Perhaps there's a "pressure wave" oscillation? It might have a frequency of 0.3 Hz, or 13 Hz?


Cheers,

|-|ardy

Phil Bunch

I fear I may not be following this thread properly, but isn't the fundamental issue to know the total system mechanical efficiency of the hydraulic+mechanical system(s)?  In other words, if one's windmilling engines can put out X amount of energy per second and the systems are using Y amount of energy per second, only by avoiding extracting more energy such as by wiggling the ailerons or other gadgets will one maximize the longevity of the backup-system-operated hydraulics.

Again, please excuse me if I've not followed the discussion (or if my comments are not helpful).
Best wishes,

Phil Bunch

Hardy Heinlin

#15
Not sure I've understood your sentence completely, Phil :-) Perhaps it agrees with my new way of thinking: I've come to the conclusion that the hydraulically moved object will always reach its target as long as pressure is higher than drag*. It's just a matter of time.

At 3000 psi the full travel will take 0.5 sec. At 3 psi (1 hair above friction force*) it will take 2 weeks.

Since pressure drops by permanent wiggling, the pilot should move the controls slowly. This way the pressure remains pretty constant and there's no big delay between commanded and actual surface angle.


Cheers,

|-|ardy


* Or whatever force pushing against the hydraulic force.

Jeroen Hoppenbrouwers

#16
Make that (friction force plus actual current load on the object to be pushed away) and I'm in.

If you try to hydraulically push up a pallet with bricks, it is not just friction force that you need to overcome. If you add more bricks, you need to push harder (more pressure) but not further (same displacement and no fluid losses).

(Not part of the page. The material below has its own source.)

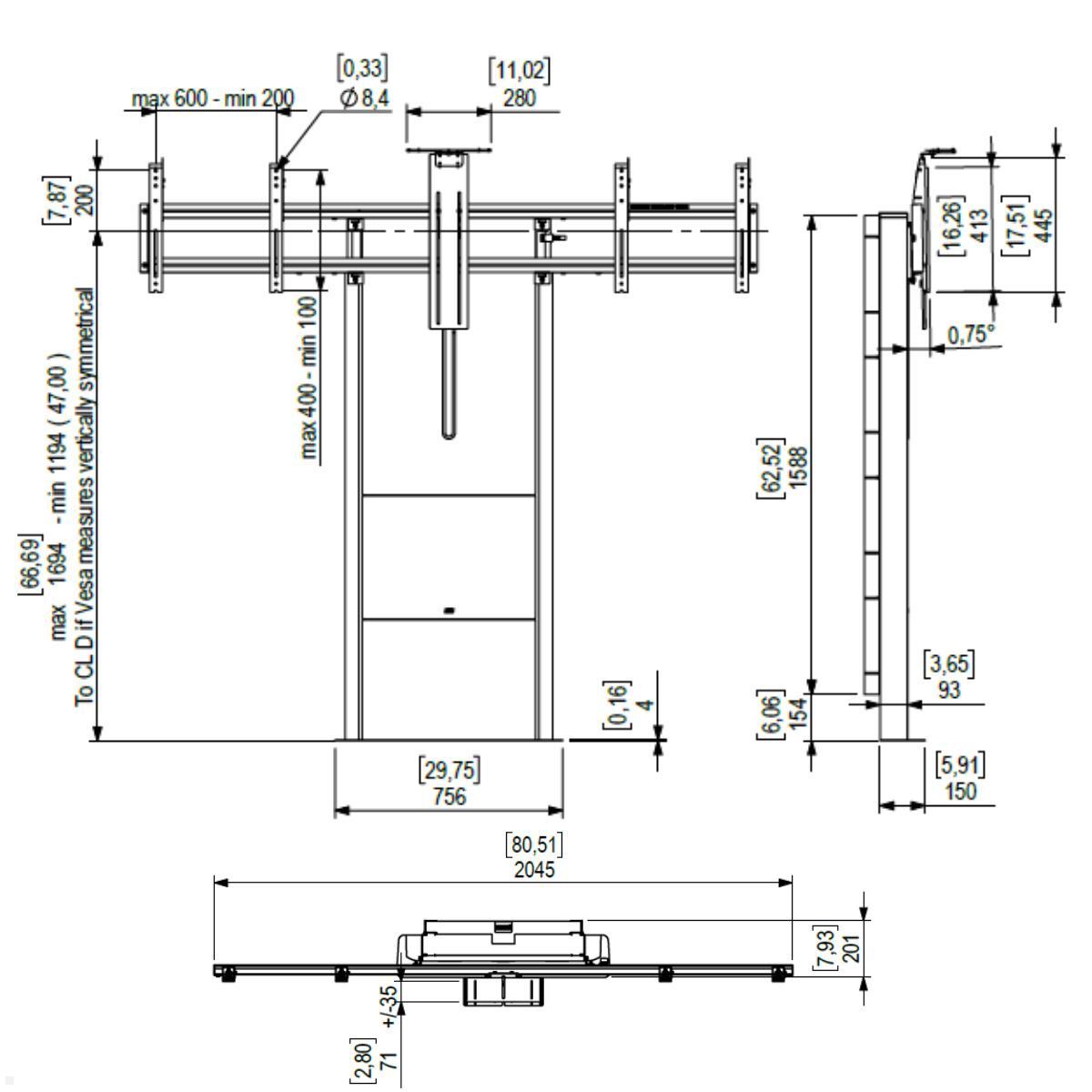 SMS Presence elektrische Dual Monitor Boden-Wandhalterung (K05-144-62), Maße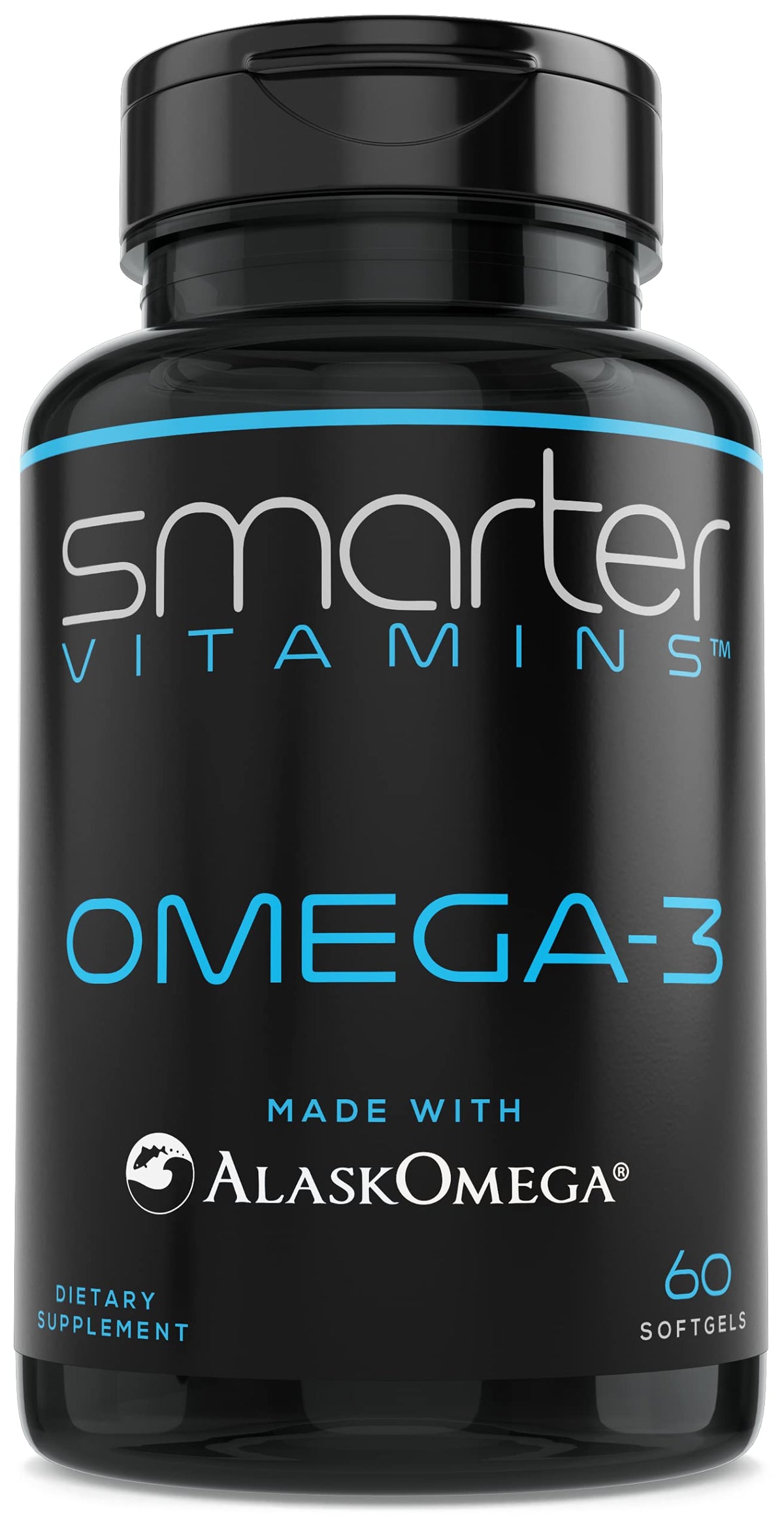 Flacon d'huile de poisson Omega-3 SmarterVitamins 2000mg face avant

If there's some kind of gearing between the piston and the load to be moved, which in an extreme way is the case when a hydraulic motor (turbine) drives a gearbox or jackscrew, you need just a little above friction but a whole lot of volume.

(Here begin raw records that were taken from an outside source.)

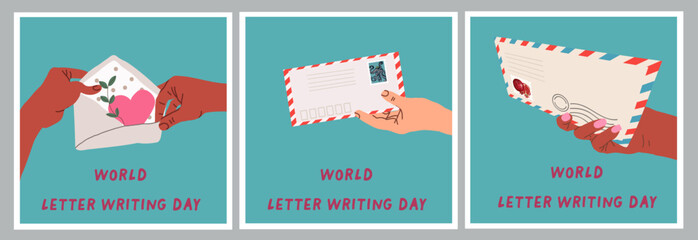 Vector illustration for letter writing day in September 1. World Letter Writing Day is a day that people from all around the world will pick up a pen or pencil write a letter. Poster, banner, card.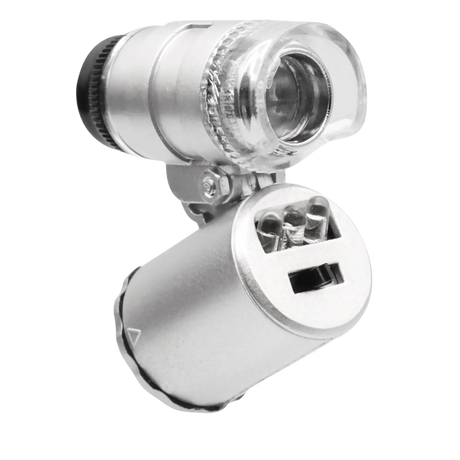 „Nahaufnahme des 60x Mini-LED Mikroskops mit transparenter Linse und LED-Lichtquelle.“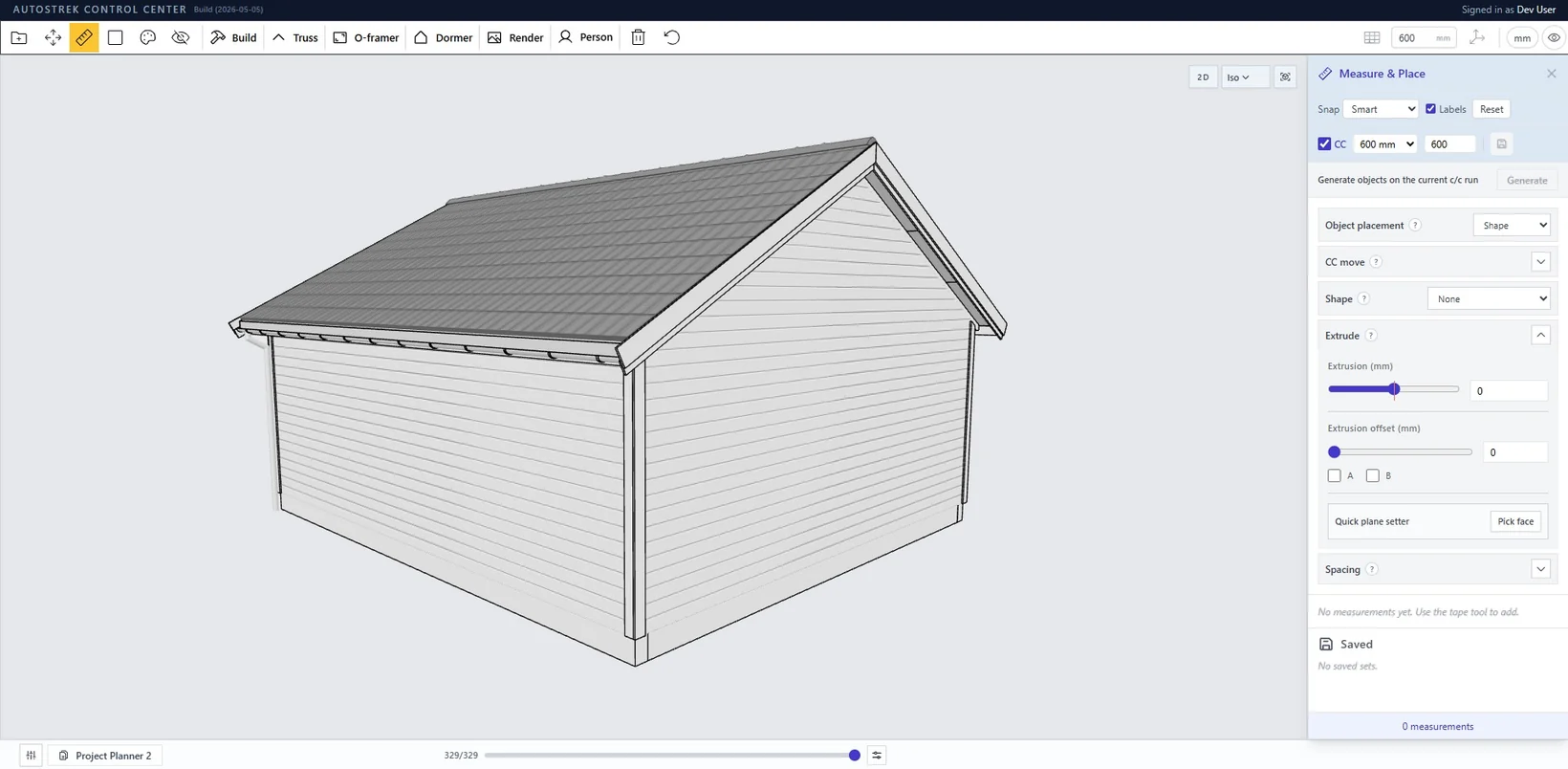 Autostrek interface showing a generated building model, main toolbar, and Measure and Place panel.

Just as with a pulley system. With enough pulleys, you need very little 'pressure' above the friction, but you need to 'push' a whole lot.

Jeroen

Hardy Heinlin

#17
Yes.

And that means: The higher the airspeed, the more pressure is required for max surface deflection.

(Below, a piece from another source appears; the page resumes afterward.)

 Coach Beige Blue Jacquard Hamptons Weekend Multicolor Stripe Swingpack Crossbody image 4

Of course, the actual deflection required for a normal flight will be limited by the aileron lockout (highspeed mode) and the pilot's inputs; nobody would set max deflection on all aileron panels at Mach .8.

Anyway, this leads me to a simple vector formula:
H = hydraulic force vector ("psi")
A = Ram air force vector ("airspeed")

H = A means: Aileron motion freezes at current position
H < A means: Aileron moves to neutral
H > A means: Aileron moves away from neutral


|-|ardy

Pierre Theillere

#18
Hi Hardy!

Looks like quite a clever summary! I guess that the motion speed towards "neutral" could be directly proportional to H-A due to friction.
Oooh, and when the airspeed is low, "neutral" balance position (for ailerons and elevator) is "fully down" due to weight, as it can be seen on (hydraulically) unpowered aircrafts, maybe the transition for the balancing position for ailerons and elevator between "middle" and "down" could be something progressive?
For vertical stabilizer, rudder's "neutral" position without hydraulics could also be related to wind's direction...
Pierre, LFPG

Hardy Heinlin

#19
Agreed, Pierre.

But, the idea with the wind ... I think that needs to be a storm then.